The records below must be transcribed exactly. Do not include the pictures.

Short web captions:
_ _ _ _ _ _ _

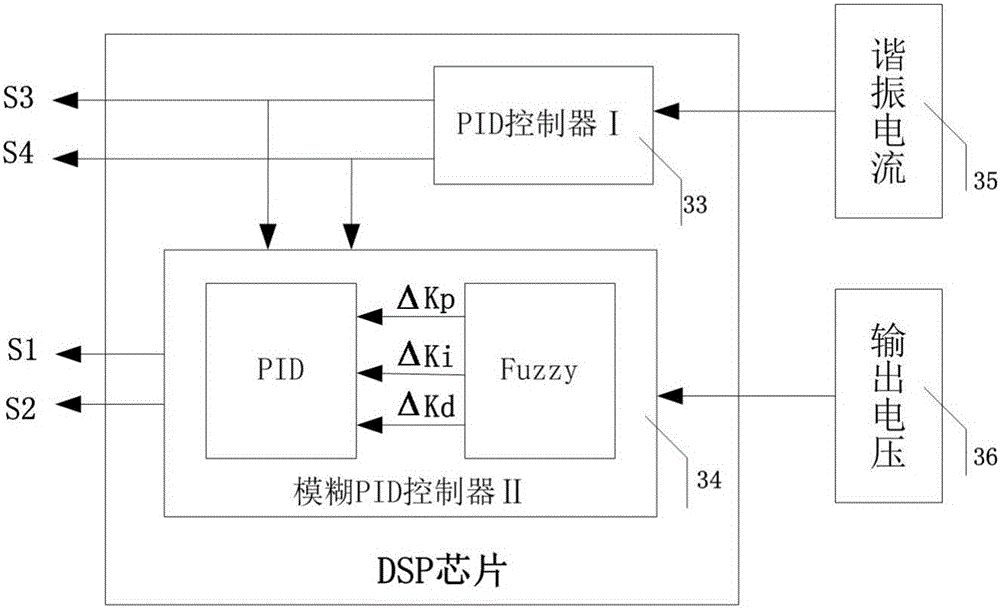 Electrostatic dust removal high-frequency high-voltage power supply system and control method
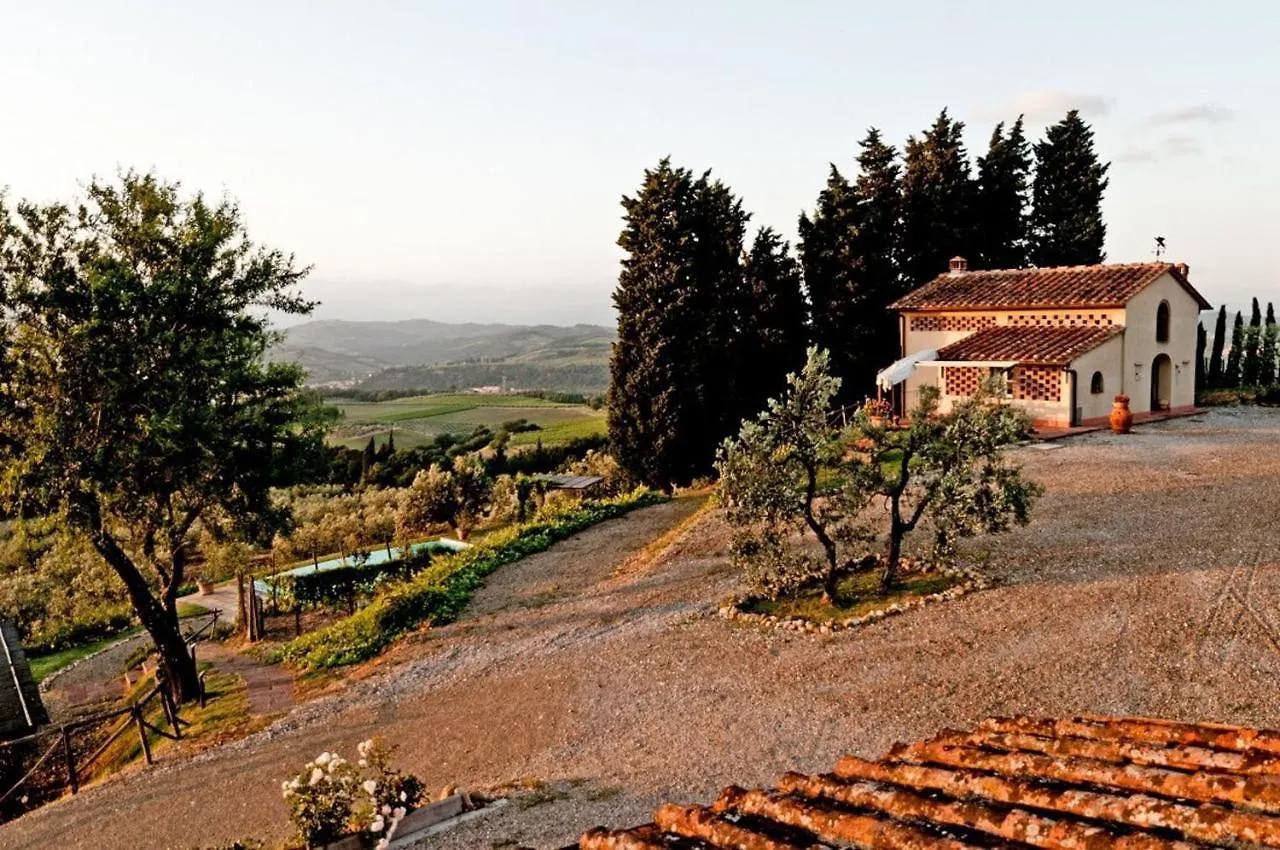 Villa Sun And Sun 2 Pools Montelupo Fiorentino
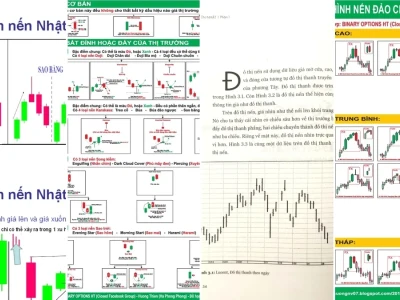 Mô hình nến Nhật PDF: Bí ẩn hay Cẩm nang sinh tồn cho Trader 2026?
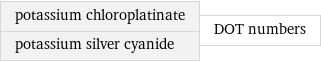 potassium chloroplatinate potassium silver cyanide | DOT numbers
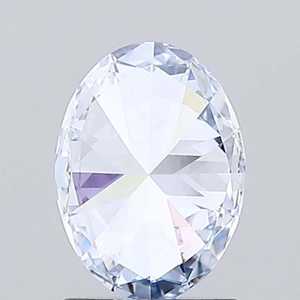 Diamante CVD suelto de 2.01 quilates, corte ovalado, azul intenso, certificado por IGI, cultivado en laboratorio, pulido a mano en India, para la fabricación de joyas y anillos. - Product Image 4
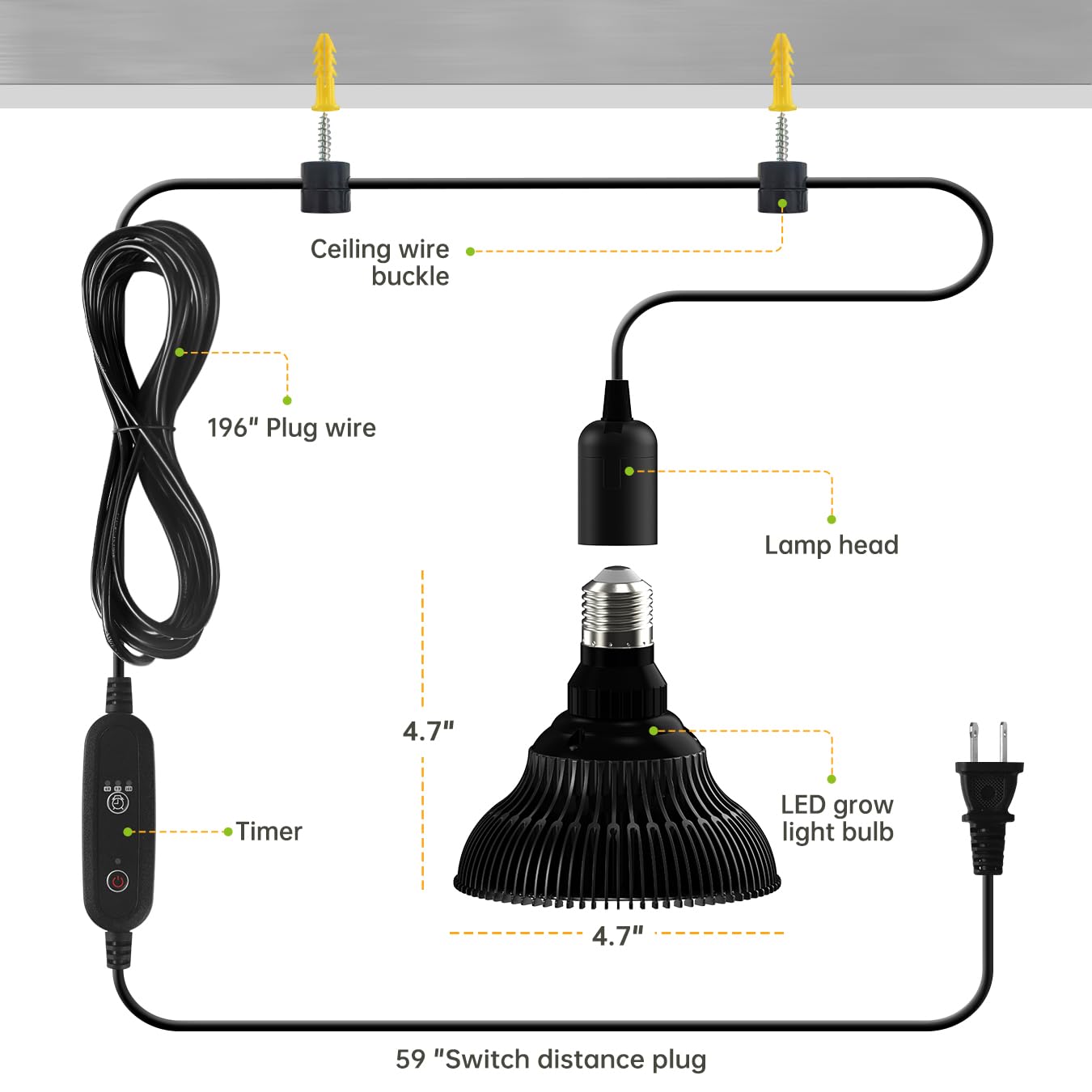 SpeePlant packaging and included accessories for quick installation
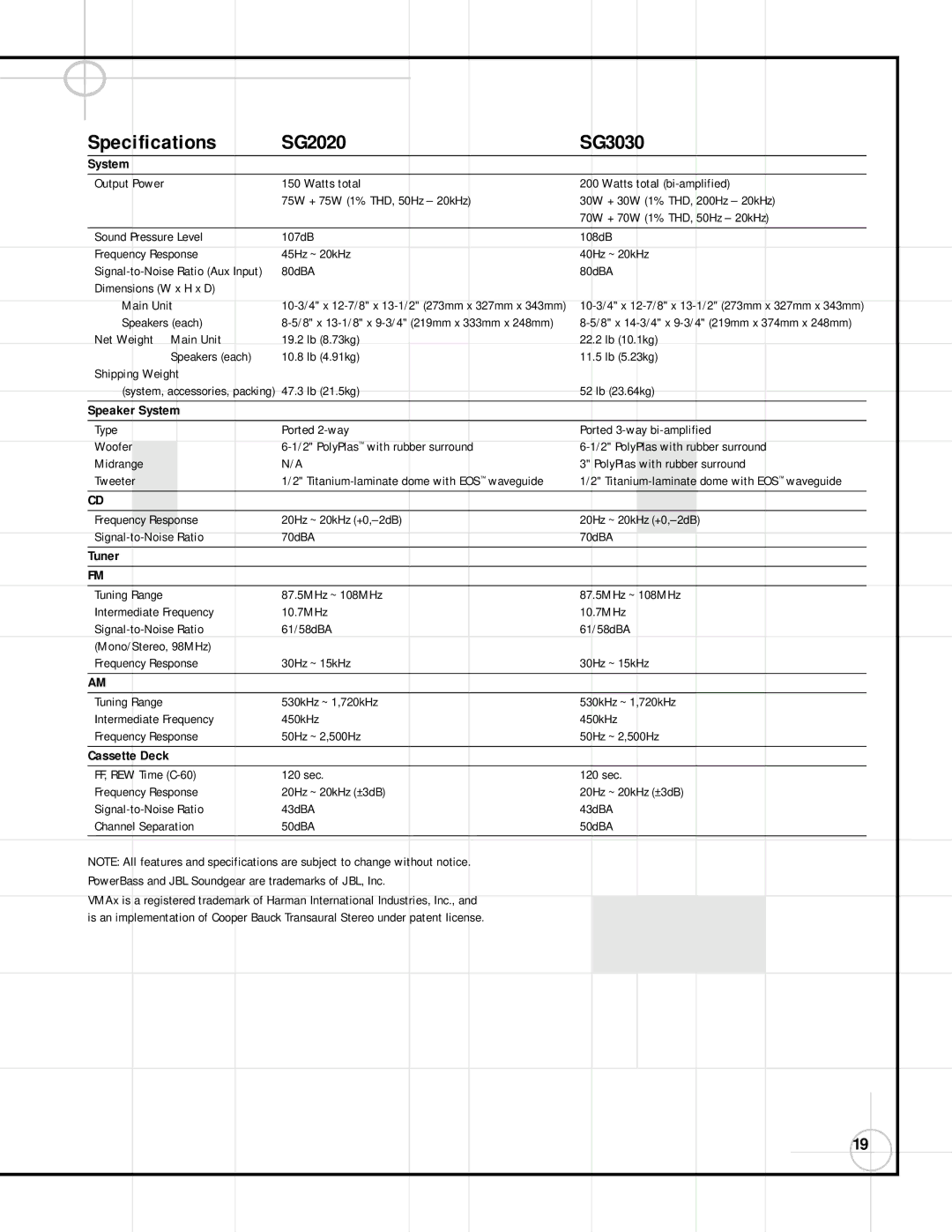 JBL manual Specifications SG2020 SG3030, System, Tuner, Cassette Deck 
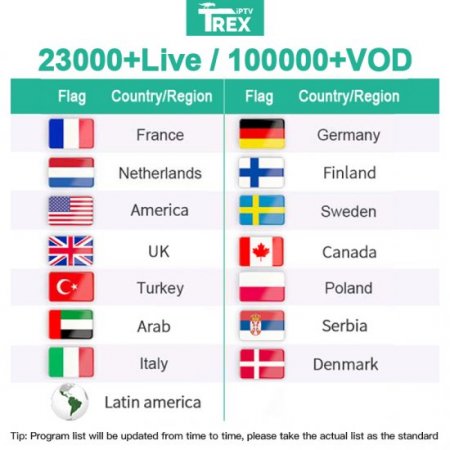 Trex IPTV Subscription 6 Months Europe Worldwide French 4K Abonnement for Android tv box Smart tv
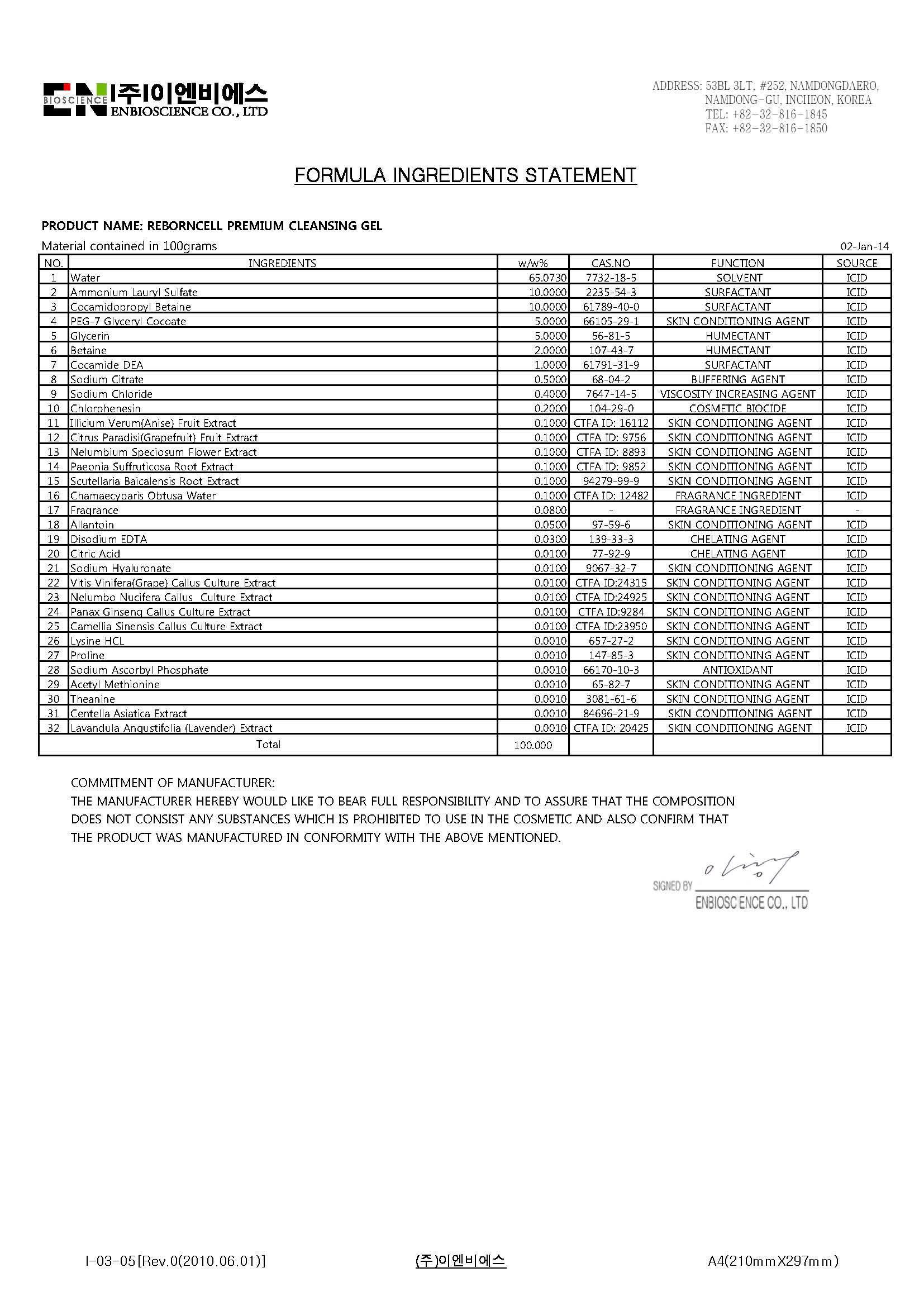 Pill image for Drug Facts
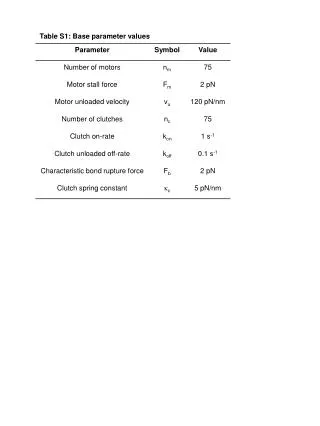 Table S1: Base parameter values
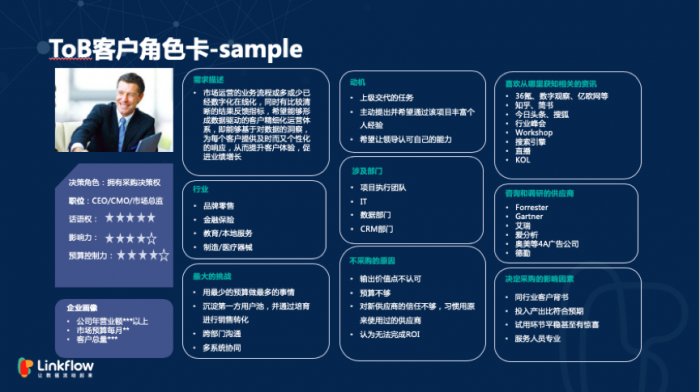 鳥哥筆記,用戶運營,Linkflow,獲客,營銷,用戶研究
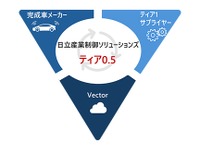 日立産業制御、AUTOSAR準拠SDV開発支援サービス開始…国内初のVector「PREEvision」活用 画像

_ _ _ _ _ _ _

Problem solution:
 Electrostatic dust removal high-frequency high-voltage power supply system and control method
 Villa Sun And Sun 2 Pools Montelupo Fiorentino
 Mô hình nến Nhật PDF: Bí ẩn hay Cẩm nang sinh tồn cho Trader 2026?
 potassium chloroplatinate potassium silver cyanide | DOT numbers
 Diamante CVD suelto de 2.01 quilates, corte ovalado, azul intenso, certificado por IGI, cultivado en laboratorio, pulido a mano en India, para la fabricación de joyas y anillos. - Product Image 4
 SpeePlant packaging and included accessories for quick installation
 JBL manual Specifications SG2020 SG3030, System, Tuner, Cassette Deck 
 Trex IPTV Subscription 6 Months Europe Worldwide French 4K Abonnement for Android tv box Smart tv
 Pill image for Drug Facts
 Table S1: Base parameter values
 鳥哥筆記,用戶運營,Linkflow,獲客,營銷,用戶研究
 日立産業制御、AUTOSAR準拠SDV開発支援サービス開始…国内初のVector「PREEvision」活用 画像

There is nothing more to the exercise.